I'd agree with some of the previous suggestions that Permaculture is a values-based design approach... a set of principles. so you are not studying a "permaculture farm", but making comparisons between agroecological systems that to a greater or lesser degree follow PC principles (or any other ecological design principles). Agroforestry research is where you'll find peer reviewed studies on polyculture vs. monoculture, and the efficiecies of intercropping... a good summary might be
http://www.amazon.com/Agroforestry-Soil-Management-Anthony-Young/dp/0851991890 or
http://www.amazon.com/Temperate-Agroforestry-Systems-Andrew-Gordon/dp/0851991475/ref=sr_1_1?s=books&ie=UTF8&qid=1355544909&sr=1-1&keywords=temperate+agroforestry+systems -- and be ready to pay peer reviewed prices.

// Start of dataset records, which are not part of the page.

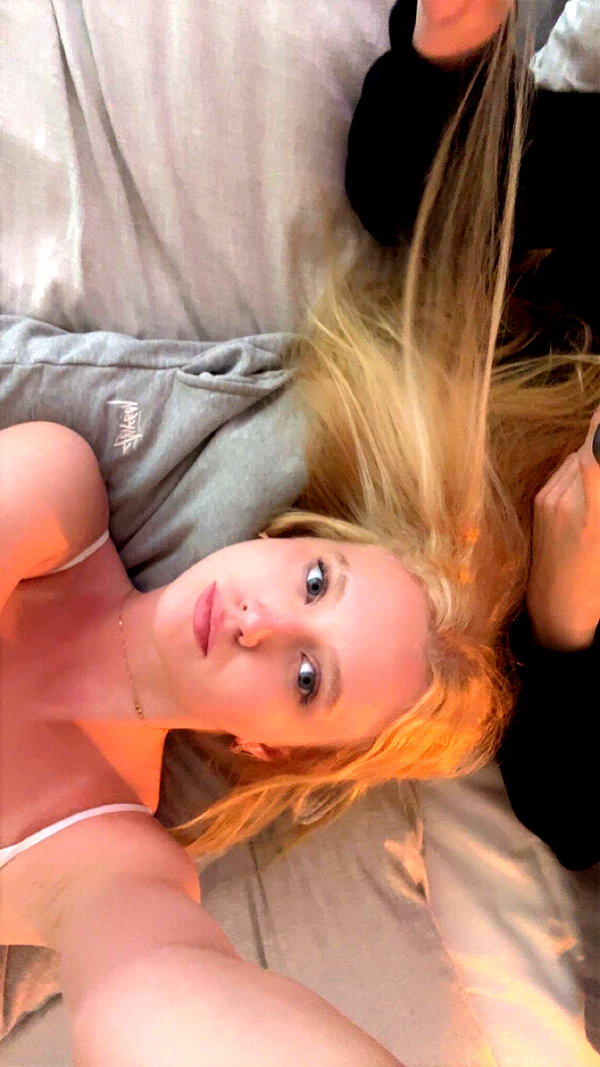 b0mbette snapchat image archive image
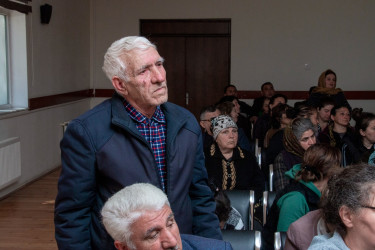 Kür qəsəbəsində sakinlərimizlə səyyar qəbul keçirildi
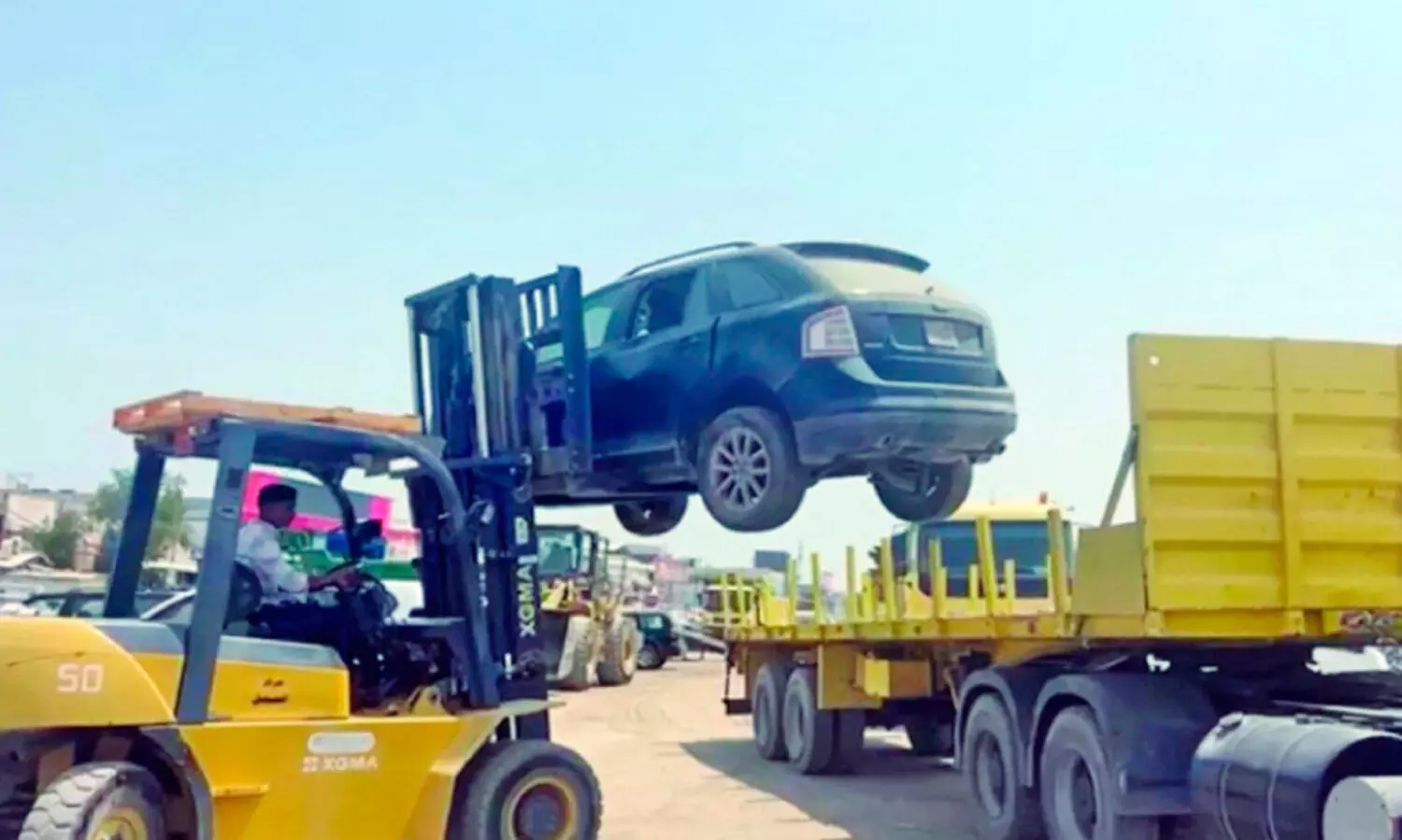 Unauthorized car sheds removed, abandoned vehicles seized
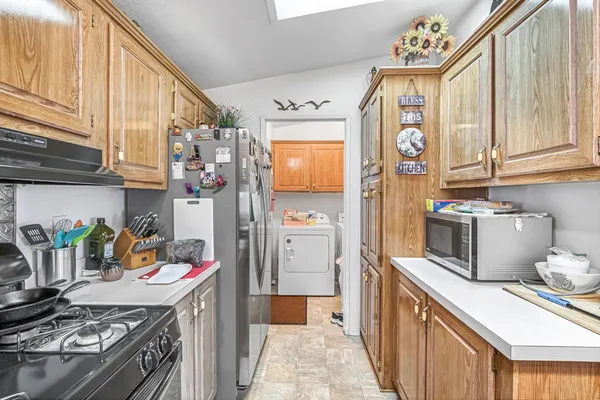 $125,000 | 1218 East Cleveland Avenue, Unit 142, Madera, CA 93638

A central principle of Permaculture is that a viable system must store more energy than necessary for its construction, and so you start getting into ecological accounting and energetic analysis. On this front the foolishness of industrial agricultural systems is self-evident.. they deplete soil by burning fossil fuels. Don't need to look far for evidence.
If you are looking for human labor efficiency, rather than dollar per calorie, I have not see PC compete, because the dollar economy is so very good at externalizing costs. You just have to pick your units.
Consider The World Bank for example...
http://dotearth.blogs.nytimes.com/2010/10/28/world-bank-pushes-to-include-ecology-in-accounting/
So ecosystem service markets are a tricky thing, but are growing rapidly, for example the EU has begun shifting its agricultural subsidy system from commodity supports to paying farmers for providing public services.
All these are examples of the world very slowly coming in line with what Permaculture was talking about thirty years ago.